Quick! Someone tell all the tuners that if they throw a CEL, they're posers!!!


----------



## q2bruiser (Jun 8, 2014)

Danny5 said:


> Quick! Someone tell all the tuners that if they throw a CEL, they're posers!!!


I guess you are right. It is ignorant of me to expect products work without error.

C'est la vie.


----------



## KpaxFAQ (Sep 1, 2013)

q2bruiser said:


> I guess you are right. It is ignorant of me to expect products work without error.
> 
> C'est la vie.


Tuning a pdi tdi and the common rail in stock form without modifications is apples and oranges. Plenty of cr tdi guys get cels in stock form running high tunes and actually using them! It's a nature of the beast unless it's deleted entirely


----------



## Merc6 (Jun 8, 2013)

Ok gents, play nice. We are here to help not hurt each other. Shake hands and get a beer or beverage of choice. 


Sent from my iFail 5s


----------



## MilTownSHO (Oct 9, 2013)

q2bruiser said:


> I guess you are right. It is ignorant of me to expect products work without error.

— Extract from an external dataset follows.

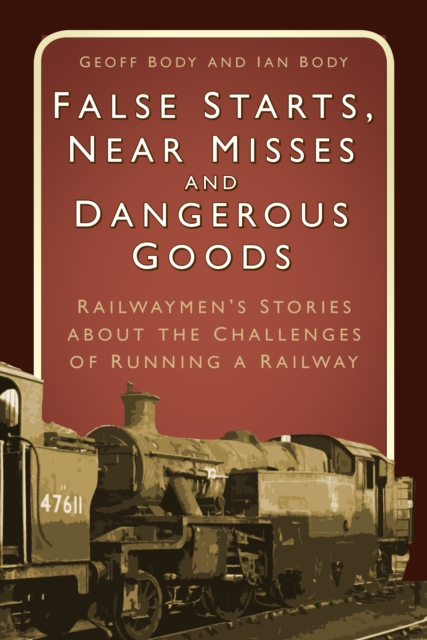 False Starts, Near Misses and Dangerous Goods : Railwaymen's Stories about the Challenges of Running a Railway, Paperback / softback Book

I know what you mean, but no product is perfect 100% of the time. Trial and error my friend.

On a side not, my package is late of course. Won't be here till tomorrow. :angry:


----------



## Merc6 (Jun 8, 2013)

MilTownSHO said:


> I know what you mean, but no product is perfect 100% of the time. Trial and error my friend.
> 
> On a side not, my package is late of course. Won't be here till tomorrow. :angry:


FedEx?


----------



## hificruzer226 (Mar 27, 2013)

I thought at one point I saw an upgrade fuel rail system for the CTD with that and tune I think the CTD will be beastly


----------



## Danny5 (Dec 22, 2011)

Fleece sells uprated injectors. I asked them about it, and they said don't bother unless I run a larger turbo.


----------



## Ger8mm (Mar 13, 2014)

Is there a larger turbo ? :jump:


----------



## Ger8mm (Mar 13, 2014)

https://www.youtube.com/watch?v=PYonwOMK28U


----------



## Danny5 (Dec 22, 2011)

At this point Ger8mm, you have to fab up for a larger turbo...


----------



## Ger8mm (Mar 13, 2014)

check the link out, Fleece twin turbo on our cruze diesel


----------



## hificruzer226 (Mar 27, 2013)

Boat turbos are cool some are the size of houses.


----------



## Dieselmike (Jun 28, 2014)

I will be ordering Fleece tunes this week for my Cruze, thankfully I am a direct dealer for them!


----------



## MilTownSHO (Oct 9, 2013)

merc6 said:


> fedex?


ups


----------



## Ger8mm (Mar 13, 2014)

> I will be ordering Fleece tunes this week for my Cruze, thankfully I am a direct dealer for them so I will save a couple dollars!


Wheres my hook up?


----------



## Danny5 (Dec 22, 2011)

I think he is holding out on us!!!


----------



## KpaxFAQ (Sep 1, 2013)

So my post with very important factual info was removed instead of edited and his ridiculous statement comparing tuning of the tdi-pd era to a cr is still up....nice


----------



## Danny5 (Dec 22, 2011)

KpaxFAQ said:


> So my post with very important factual info was removed instead of edited and his ridiculous statement comparing tuning of the tdi-pd era to a cr is still up....nice


 Say WHAT???


----------



## Dieselmike (Jun 28, 2014)

^ what he said! I am lost man?


----------



## diesel (Jun 8, 2013)

I don't see the link. I am lost here.


----------



## Ger8mm (Mar 13, 2014)

> I don't see the link. I am lost here.


https://www.youtube.com/watch?v=PYonwOMK28U


----------



## Merc6 (Jun 8, 2013)

KpaxFAQ said:


> So my post with very important factual info was removed instead of edited and his ridiculous statement comparing tuning of the tdi-pd era to a cr is still up....nice


Missed it, thanks. Still in the editing stages to be re released.


----------



## MilTownSHO (Oct 9, 2013)

Package now rescheduled for delivery on Monday. What a crock, they must have sent it to the wrong place.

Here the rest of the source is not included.